Install JDK (Java Development Kit)
- To install JRE8- yum install -y java-1.8.0-openjdk
- To install JDK8- yum install -y java-1.8.0-openjdk-devel
- execute – javac -version
  - It should return a version as 1.8
Install Python
- To install Python :
- sudo yum -y install yum-utils
  sudo yum -y groupinstall development
  sudo yum -y install https://centos7.iuscommunity.org/ius-release.rpm
  sudo yum -y install python36u
- Setup alias for python command and update the ~/.bashrc
  - echo “alias python=python36” >> ~/.bashrc
  - source ~/.bashrc
- execute – python -version
  - It should return a version as 3.6
- Install pip –
  - curl “https://bootstrap.pypa.io/get-pip.py” -o “get-pip.py”
    python get-pip.py
    pip -V
Install Spark:
- First move to opt folder – cd /opt
- Now download proper version of Spark(First go to https://spark.apache.org/downloads.html and then copy the link address) – wget https://www.apache.org/dyn/closer.lua/spark/spark-2.3.0/spark-2.3.0-bin-hadoop2.7.tgz
- Unzip the tar – tar xvfz spark-2.3.0-bin-hadoop2.7.tgz
- Rename spark-2.3.0-bin-hadoop2.7 to spark – mv spark-2.3.0-bin-hadoop2.7 spark
- Rename file conf\log4j.properties.template file to log4j.properties
- Edit the file to change log level to ERROR – for log4j.rootCategory
- Install PySpark – pip install pyspark
Install Scala:
- cd /opt
- wget https://scala-lang.org/files/archive/scala-2.11.6.tgz
- Unzip and rename –
  - tar -xfz scala-2.11.6.tgz
  - mv scala-2.11 scala
- execute – scala -version
  - It should return a version as 2.11
Update PATHS by updating file ~/.bashrc:
- nano ~/.bashrc
- then add these lines and save
  - alias python=python3.6
    alias pip=pip3 export SPARK_HOME=/opt/spark
    export PATH=$PATH:/opt/spark/bin
    export PATH=$PATH:/opt/scala/bin
- then reload bash file – source ~/.bashrc
Now if you run
- pyspark – it should show spark version
- spark-shell – it should run scala version
Lets test
- run pyspark
  - go to \opt\spark folder
  - run pyspark
  - On this “>>>” prompt.
    - Type and Enter myRDD= sc.textFile(“README.md”)

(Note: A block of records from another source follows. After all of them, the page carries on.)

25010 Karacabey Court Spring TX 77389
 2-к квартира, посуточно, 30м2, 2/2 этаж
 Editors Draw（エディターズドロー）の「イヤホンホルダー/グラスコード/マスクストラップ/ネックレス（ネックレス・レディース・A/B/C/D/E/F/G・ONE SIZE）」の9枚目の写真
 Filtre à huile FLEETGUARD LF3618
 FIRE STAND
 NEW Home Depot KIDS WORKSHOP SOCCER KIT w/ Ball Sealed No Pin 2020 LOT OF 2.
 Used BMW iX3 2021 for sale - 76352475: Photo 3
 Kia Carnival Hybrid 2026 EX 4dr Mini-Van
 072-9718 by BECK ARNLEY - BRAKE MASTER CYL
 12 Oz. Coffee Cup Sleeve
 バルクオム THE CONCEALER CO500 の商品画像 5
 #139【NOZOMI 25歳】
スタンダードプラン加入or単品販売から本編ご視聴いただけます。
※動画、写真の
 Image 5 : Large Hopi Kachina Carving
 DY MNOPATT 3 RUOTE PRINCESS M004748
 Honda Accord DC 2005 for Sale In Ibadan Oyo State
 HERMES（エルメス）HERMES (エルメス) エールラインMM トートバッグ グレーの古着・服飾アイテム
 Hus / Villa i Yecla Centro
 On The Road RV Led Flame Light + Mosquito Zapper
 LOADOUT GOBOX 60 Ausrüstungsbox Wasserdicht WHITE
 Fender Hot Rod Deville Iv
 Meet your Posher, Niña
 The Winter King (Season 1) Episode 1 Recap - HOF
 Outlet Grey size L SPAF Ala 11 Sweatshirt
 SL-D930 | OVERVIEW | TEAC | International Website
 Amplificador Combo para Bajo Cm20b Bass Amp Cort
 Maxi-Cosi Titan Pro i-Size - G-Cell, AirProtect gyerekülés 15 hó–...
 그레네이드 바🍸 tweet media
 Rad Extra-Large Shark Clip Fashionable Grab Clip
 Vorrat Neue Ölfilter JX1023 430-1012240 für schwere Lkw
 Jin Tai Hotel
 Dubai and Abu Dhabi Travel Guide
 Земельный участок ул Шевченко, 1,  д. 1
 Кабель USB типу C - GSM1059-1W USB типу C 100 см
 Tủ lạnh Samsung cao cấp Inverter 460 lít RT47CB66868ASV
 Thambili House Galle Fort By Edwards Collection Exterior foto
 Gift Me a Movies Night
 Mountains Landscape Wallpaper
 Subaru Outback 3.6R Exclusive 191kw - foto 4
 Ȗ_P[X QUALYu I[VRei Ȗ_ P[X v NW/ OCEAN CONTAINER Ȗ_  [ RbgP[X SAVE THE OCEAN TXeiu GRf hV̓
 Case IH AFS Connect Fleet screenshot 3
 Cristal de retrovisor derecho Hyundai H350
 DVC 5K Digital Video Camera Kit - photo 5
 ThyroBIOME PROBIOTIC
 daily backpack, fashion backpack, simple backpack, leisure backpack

    - Then Type and enter myRDD.count()
  - Yay!!!, you tested by running word count on file README.md
- Now One more Test
  - Download Movielens data-set –
    - wget http://files.grouplens.org/datasets/movielens/ml-100k.zip
    - unzip ml-100k.zip
  - Download python script:
    - wget https://testbucket786786.s3.amazonaws.com/spark/sparkFirst.py
    - correct the path of the u.data file in ml-100k folder in the script:
    - from pyspark import SparkConf, SparkContext
      import collections
      sConf = SparkConf().setMaster(“local”).setAppName(“RatingsRDDApp”)
      sContext = SparkContext(conf = sConf)
      alllinesRDD = sContext.textFile(“/home/user/bigdata/datasets/ml-100k/u.data”)
      allratingsRDD =alllinesRDD.map(lambda line: line.split()[2])
      resultRDD= allratingsRDD.countByValue()
      sortedResultsRDD = collections.OrderedDict(sorted(resultRDD.items()))
      for rddKey, rddValue in sortedResultsRDD.items():
      print(“%s %i” % (rddKey, rddValue))
  - Now run the python script:
    - spark-submit sparkFirst.py
    - Yay!! you read the ratings count for each movie in Movielens data base using a python script.